Converting an OpenFoodFacts CSV Dump into a SQLite Database with Deno and Streams

A few evenings ago, I came up with the idea to develop an app to capture nutritional information about food. There are some paid APIs, like FatSecret, Spoonacular, and Edamam, that offer a wide range of features. However, for a quick prototype, I didn’t want to spend too much money, so I looked for alternatives and came across OpenFoodFacts.

They offer an API (incomplete and poorly documented) as well as database dumps in various formats like JSON, CSV, and MongoDB. The smallest dump was the compressed CSV file, around 1 GB in size. Once you decompress the GZIP archive, the data takes up over 9 GB on disk. This size is still manageable – unlike the 40+ GB MongoDB dump.

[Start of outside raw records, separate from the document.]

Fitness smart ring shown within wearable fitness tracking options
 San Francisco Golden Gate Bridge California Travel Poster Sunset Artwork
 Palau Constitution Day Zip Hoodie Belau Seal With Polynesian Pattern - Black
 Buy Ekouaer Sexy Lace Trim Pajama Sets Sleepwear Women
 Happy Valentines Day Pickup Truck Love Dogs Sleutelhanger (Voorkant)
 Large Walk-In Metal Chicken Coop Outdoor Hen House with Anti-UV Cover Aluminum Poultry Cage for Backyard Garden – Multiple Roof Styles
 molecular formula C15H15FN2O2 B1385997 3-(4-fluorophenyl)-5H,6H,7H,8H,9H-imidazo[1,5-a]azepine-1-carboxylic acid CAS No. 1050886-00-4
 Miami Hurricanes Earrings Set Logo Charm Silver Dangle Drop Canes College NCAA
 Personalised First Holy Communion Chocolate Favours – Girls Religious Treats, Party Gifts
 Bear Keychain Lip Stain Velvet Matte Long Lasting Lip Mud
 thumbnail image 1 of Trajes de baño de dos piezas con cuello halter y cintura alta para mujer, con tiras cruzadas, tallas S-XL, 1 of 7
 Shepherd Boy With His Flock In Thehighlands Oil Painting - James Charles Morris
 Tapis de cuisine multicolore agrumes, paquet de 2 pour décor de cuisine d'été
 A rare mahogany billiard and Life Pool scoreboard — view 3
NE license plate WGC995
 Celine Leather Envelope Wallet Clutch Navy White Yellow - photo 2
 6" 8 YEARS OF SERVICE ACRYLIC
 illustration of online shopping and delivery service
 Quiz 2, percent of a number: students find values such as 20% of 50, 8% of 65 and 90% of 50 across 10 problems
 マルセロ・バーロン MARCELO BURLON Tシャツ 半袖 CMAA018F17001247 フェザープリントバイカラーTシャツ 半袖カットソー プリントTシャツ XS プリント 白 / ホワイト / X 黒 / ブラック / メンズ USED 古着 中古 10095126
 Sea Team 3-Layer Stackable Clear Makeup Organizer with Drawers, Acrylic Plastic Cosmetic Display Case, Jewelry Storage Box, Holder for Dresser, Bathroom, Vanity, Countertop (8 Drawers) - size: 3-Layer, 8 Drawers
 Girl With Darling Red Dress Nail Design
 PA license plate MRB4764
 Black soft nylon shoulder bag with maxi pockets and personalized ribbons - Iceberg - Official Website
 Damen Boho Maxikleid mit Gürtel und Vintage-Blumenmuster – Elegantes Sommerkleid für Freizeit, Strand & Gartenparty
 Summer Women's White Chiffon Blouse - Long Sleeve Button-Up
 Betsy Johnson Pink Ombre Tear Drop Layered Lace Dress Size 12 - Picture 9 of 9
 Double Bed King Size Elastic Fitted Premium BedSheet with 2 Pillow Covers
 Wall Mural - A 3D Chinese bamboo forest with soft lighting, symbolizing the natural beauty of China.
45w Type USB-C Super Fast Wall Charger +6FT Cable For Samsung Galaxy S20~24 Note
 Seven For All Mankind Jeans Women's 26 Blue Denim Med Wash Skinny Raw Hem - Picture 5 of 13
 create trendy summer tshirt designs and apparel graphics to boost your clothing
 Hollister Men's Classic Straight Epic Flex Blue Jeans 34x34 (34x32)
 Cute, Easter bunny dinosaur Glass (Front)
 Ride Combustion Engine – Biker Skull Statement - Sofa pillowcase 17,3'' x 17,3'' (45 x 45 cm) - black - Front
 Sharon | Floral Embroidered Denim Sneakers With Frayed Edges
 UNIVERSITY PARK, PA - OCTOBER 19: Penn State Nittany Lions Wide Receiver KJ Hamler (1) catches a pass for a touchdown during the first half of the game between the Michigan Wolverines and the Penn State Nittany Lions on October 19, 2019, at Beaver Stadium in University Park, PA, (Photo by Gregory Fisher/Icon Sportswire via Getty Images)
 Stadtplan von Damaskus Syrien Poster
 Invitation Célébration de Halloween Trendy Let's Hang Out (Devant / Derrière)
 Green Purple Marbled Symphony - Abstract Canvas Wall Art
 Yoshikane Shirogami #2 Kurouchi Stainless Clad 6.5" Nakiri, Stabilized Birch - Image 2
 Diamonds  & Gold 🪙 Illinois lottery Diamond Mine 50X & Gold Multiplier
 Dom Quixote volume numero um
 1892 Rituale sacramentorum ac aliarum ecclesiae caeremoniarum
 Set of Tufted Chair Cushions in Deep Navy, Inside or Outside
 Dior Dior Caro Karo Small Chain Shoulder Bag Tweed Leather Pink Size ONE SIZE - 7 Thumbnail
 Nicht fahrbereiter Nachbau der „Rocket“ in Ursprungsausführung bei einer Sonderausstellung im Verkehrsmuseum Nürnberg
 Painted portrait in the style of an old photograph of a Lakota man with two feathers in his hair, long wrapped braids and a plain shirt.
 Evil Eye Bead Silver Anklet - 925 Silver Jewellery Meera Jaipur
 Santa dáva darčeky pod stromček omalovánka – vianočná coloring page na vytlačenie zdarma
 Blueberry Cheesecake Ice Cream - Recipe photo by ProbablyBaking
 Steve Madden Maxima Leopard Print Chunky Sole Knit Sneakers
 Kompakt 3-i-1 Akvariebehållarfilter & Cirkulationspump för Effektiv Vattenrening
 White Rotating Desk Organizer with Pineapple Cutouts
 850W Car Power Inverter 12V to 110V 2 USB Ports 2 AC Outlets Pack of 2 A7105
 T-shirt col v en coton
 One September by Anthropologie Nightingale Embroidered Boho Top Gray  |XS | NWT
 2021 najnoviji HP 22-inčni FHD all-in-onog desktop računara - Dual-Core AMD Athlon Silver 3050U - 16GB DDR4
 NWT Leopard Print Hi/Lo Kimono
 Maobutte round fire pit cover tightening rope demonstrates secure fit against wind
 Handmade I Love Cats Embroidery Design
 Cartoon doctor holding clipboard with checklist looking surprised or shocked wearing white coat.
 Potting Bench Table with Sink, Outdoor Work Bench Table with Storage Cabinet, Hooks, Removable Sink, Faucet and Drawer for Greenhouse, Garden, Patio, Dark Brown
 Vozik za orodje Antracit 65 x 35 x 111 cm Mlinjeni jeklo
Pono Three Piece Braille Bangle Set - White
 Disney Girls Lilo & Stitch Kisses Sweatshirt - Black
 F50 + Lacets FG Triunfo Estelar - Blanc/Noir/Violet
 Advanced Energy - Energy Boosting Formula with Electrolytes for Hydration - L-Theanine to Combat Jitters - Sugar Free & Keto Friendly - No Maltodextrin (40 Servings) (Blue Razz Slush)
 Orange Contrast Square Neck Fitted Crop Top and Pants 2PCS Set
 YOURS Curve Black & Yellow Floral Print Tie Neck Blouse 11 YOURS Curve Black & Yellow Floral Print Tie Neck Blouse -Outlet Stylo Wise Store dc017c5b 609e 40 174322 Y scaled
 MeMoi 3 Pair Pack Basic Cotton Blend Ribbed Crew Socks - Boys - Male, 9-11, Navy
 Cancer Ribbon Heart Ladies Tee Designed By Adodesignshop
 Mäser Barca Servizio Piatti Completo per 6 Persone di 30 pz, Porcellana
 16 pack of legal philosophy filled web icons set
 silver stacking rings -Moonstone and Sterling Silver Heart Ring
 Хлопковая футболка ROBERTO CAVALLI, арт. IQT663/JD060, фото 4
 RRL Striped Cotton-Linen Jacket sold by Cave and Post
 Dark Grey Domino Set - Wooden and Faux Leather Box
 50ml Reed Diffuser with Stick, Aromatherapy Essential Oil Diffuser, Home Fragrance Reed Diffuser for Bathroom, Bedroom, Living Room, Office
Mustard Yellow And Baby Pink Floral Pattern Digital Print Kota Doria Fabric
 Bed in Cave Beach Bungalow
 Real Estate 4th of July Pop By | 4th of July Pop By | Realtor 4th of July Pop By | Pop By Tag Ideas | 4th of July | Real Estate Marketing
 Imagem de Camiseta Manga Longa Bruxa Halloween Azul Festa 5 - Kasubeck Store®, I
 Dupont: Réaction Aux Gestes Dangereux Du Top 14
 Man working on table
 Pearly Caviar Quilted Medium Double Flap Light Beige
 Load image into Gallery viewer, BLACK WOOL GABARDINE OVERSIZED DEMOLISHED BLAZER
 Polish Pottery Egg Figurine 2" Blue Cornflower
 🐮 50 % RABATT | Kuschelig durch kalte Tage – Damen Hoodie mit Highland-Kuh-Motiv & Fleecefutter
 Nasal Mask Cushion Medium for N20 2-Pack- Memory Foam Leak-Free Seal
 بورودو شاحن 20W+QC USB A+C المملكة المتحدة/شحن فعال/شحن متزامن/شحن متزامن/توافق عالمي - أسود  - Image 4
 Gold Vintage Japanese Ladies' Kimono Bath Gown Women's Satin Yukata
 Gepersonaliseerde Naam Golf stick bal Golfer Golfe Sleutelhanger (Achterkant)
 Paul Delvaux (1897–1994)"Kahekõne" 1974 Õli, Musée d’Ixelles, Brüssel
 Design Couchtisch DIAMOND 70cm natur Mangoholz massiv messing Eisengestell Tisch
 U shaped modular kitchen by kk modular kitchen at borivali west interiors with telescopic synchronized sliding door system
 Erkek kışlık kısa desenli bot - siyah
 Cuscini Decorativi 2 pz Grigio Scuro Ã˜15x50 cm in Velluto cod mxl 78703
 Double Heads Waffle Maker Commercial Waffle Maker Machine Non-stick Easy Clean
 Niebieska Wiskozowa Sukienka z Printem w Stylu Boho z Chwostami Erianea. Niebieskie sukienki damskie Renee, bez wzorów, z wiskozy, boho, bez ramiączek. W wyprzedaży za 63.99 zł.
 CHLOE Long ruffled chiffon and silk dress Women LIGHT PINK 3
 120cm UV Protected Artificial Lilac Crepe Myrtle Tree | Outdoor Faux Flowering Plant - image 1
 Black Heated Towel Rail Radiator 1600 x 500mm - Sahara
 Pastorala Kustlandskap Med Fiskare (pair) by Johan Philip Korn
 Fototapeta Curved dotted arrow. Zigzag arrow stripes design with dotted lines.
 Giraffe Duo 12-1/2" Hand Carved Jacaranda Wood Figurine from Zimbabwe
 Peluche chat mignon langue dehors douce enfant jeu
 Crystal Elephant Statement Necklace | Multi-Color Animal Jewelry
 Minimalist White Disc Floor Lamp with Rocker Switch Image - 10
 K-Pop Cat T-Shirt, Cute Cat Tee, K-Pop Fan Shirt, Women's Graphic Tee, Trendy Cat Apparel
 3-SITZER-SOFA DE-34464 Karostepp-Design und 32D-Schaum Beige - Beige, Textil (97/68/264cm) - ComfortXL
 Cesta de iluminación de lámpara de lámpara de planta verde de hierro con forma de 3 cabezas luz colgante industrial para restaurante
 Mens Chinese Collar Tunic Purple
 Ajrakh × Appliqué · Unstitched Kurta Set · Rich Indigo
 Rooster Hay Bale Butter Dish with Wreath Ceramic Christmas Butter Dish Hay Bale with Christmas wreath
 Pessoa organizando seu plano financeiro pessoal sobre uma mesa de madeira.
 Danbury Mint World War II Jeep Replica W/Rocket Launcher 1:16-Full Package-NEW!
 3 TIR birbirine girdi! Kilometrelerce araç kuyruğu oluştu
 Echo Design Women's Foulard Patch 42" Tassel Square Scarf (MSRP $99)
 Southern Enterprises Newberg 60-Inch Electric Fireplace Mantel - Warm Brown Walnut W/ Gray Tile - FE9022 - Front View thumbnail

The challenge now was how to process such large data efficiently and with minimal resources. Loading everything into RAM isn’t a good idea. Why? First, you’d need to load the entire 9 GB file, then create a data structure in memory to convert the data. This would likely double the memory requirement.

Deno can use around 2 GB of RAM by default. While you can increase this limit using flags deno run --v8-flags=--max-old-space-size=SIZE_IN_MB [CMD], even 32 GB would be tight for our purpose.

Deno File Streams to the Rescue

This is where data streams come in. The advantage of streams is that you don’t have to load the entire file into memory; only small chunks are loaded at a time. The processing happens incrementally, like a line reader that only reads one line at a time for processing. This keeps memory usage low and makes conversion efficiently manageable. Long story short:

// Setup our data stream...
const fileHandle = await Deno.open(inputFile);
const stream = fileHandle.readable
  .pipeThrough(new DecompressionStream("gzip")) // unzip on the fly
  .pipeThrough(new TextDecoderStream()) // text data
  .pipeThrough(new TextLineStream()); // use line breaks to define our data chunks

const reader = stream.getReader();
const db = initDB();
let data: ReadableStreamReadResult<string>;

const headers = (await reader.read()).value!.split('\t'); // quick and dirty

do {
  data = await reader.read();
  // data.value contains a text line from the CSV file
  // do some checks to ensure data is valid
  const values = data.value!.split('\t');
  process(headers, values);
} while (!data.done);

// close db connection, otherwise it could leak memory
db.close();

Setup the SQLite database, no rocket science here:

function initDB() {
  // import { Database } from "jsr:@db/sqlite@0.11";
  const db = new Database("test.db");
  db.exec(`
    CREATE TABLE IF NOT EXISTS food_items (
      code TEXT PRIMARY KEY,
      product_name TEXT NOT NULL,
      ...
  `);
  return db;
}

Let’s get our hands on the raw CSV file and convert it into a usable data structure. The code here is just a rough version to get you up and running. I like to get my hands on early to see some results. You can make it pretty, later.

// headers are just a string array like ["code", "product_name", ...]
// values represents one data set from the csv file like
//   ["0000001", "Apple Pie", ...]
//      ^ code     ^ product_name
// so we know that values[0] is always the "code" here and 
// values[1] is the product name

function process(headers: string[], values: string[]) {
  // for demo purpose
  const indexCode = headers.indexOf("code");
  const indexProductName = headers.indexOf("product_name");

  // perform some validity checks, e.g. product name and code is set
  
  // our data object we want to store
  const foodItem: any = {};

  for (let h = 0; h < headers.length; h++) {
    const header = headers[h];

    // implement filter for headers

    foodItem[header] = values[h].trim();
  }

  persist(foodItem);
}

Now let’s store our food data object into our database.

function persist(foodItem: any) {
  // perform some sanity checks
  // here we just check if there is actual any value we can import
  const insertKeys = Object.keys(foodItem)
    .filter((k) => foodItem[k] != "" && foodItem[k] != null);

  // prepare our sql query for inserting values  
  const sql = `INSERT INTO food_items (${ insertKeys.join(",") }) 
    VALUES (${ insertKeys.map((_v) => "?").join(",") });`;

  // provide the needed values
  const insertValues = insertKeys.map((k) => foodItem[k]);

  try {
    db.exec(sql, insertValues);
  } catch (err) {
    // implement your error handling
    console.error(err);
  }
}

That’s basically it. You can use this as a quick starting template to get something up and running.